Directions: How many lines of the entries hold the string "Under"? Reply with the number alone.

==================================================

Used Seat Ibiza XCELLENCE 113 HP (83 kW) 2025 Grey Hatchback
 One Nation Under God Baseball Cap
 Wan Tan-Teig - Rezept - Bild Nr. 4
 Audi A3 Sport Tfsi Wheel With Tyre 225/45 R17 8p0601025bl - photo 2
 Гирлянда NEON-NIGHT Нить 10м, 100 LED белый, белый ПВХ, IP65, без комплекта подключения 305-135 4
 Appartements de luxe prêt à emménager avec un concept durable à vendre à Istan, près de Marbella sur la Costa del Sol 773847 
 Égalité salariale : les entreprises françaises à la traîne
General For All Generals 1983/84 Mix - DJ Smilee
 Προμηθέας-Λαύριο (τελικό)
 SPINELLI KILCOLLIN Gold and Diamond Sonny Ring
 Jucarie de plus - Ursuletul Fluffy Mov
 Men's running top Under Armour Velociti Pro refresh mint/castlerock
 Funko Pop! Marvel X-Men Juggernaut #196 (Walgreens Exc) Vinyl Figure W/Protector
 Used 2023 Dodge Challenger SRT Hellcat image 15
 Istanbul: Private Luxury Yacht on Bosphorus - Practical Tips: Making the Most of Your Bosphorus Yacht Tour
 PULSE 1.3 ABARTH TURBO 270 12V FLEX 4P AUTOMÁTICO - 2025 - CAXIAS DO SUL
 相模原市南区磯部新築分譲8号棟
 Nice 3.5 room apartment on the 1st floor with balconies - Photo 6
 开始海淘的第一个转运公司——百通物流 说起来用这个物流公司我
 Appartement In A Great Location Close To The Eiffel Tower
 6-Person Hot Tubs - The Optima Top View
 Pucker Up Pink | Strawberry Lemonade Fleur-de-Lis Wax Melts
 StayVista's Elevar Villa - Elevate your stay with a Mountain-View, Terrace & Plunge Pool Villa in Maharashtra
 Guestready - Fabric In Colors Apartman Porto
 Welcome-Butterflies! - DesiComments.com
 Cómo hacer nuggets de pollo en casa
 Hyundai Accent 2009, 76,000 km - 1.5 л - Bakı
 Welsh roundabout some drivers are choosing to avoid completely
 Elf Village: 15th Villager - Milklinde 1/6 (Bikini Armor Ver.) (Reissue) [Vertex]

==================================================

Output of the task: 2